Are We Getting Digitally High?   

It’s no surprise that digital addictions are becoming a very real problem.  

 

According to national statistics, typically, a person in the U.S. spends around five hours on their smartphone as kids and teenagers spend 5.7 hours. Nearly 92 percent of Americans think that smartphone addiction is real. 

The Aspen Brain Institute reports in an article, Digital Addictions Are Drowning Us in Dopamine, that increased usage of digital devices are not only making people more connected now than ever before – but also equally depressed. 

 

“Rising rates of depression and anxiety in wealthy countries like the U.S. may be a result of our brains getting hooked on the neurotransmitter associated with pleasure,” according to the article, which added that more young people are suffering from anxiety and depression. Twenty years ago, where a person would have been prescribed some medication, doctors should now consider recommending a dopamine fast: staying away from all screens, including videogames, for one month. 

 

Dr. Anna Lembke wrote in the article that throughout her career as a psychiatrist, she has noticed a growing amount of patients who suffer from depression and anxiety, where normally they would be “healthy young people with loving families, elite education and relative wealth.”  

“Their problem isn’t trauma, social dislocation or poverty. It’s too much dopamine, a chemical produced in the brain that functions as a neurotransmitter, associated with feelings of pleasure and reward,” she was quoted as saying in the article. “When we do something we enjoy … the brain releases a little bit of dopamine and we feel good. But one of the most important discoveries in the field of neuroscience in the past 75 years is that pleasure and pain are processed in the same parts of the brain and that the brain tries hard to keep them in balance. Whenever it tips in one direction it will try hard to restore the balance, which neuroscientists call homeostasis, by tipping in the other.” 
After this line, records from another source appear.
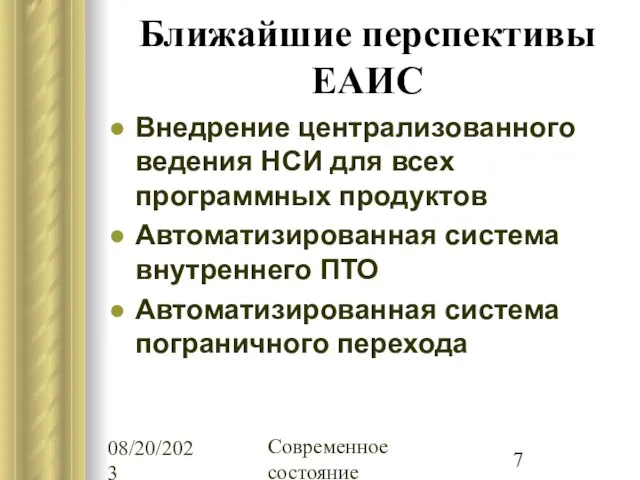 08/20/2023 Современное состояние Ближайшие перспективы ЕАИС Внедрение централизованного ведения НСИ для всех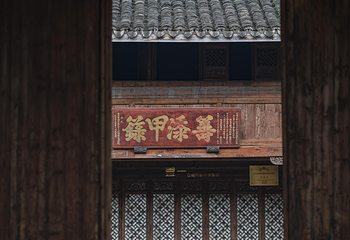 璟园古民居博物馆第 36 张图片
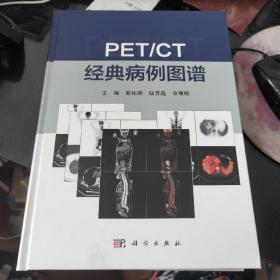 PET/CT 经典病例图谱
Lembke said that the brain tries hard to keep the pleasure and pain parts of the brain balanced, yet it is hard to keep that regulation when more and more dopamine is being released with the usage of electronic devices. When an increase of dopamine starts, the brain “adapts to it by reducing or downregulating the number of dopamine receptors that are stimulated,” she said, adding that the brain levels out by “tipping to the side of pain.”  

“Which is why pleasure is usually followed by a feeling of hangover or comedown,” Lembke said, adding that if a person can wait long enough, that feeling goes away and neutrality “is restored.”  

“But there’s a natural tendency to counteract it by going back to the source of pleasure for another dose,” Lembke said, adding that when this consistent level of digital interactions keep up for hours on end the brain rewires itself. “Now we need to keep playing games, not to feel pleasure but just to feel normal. As soon as we stop, we experience the universal symptoms of withdrawal from any addictive substance: anxiety, irritability, insomnia, dysphoria and mental preoccupation with using, otherwise known as craving.” 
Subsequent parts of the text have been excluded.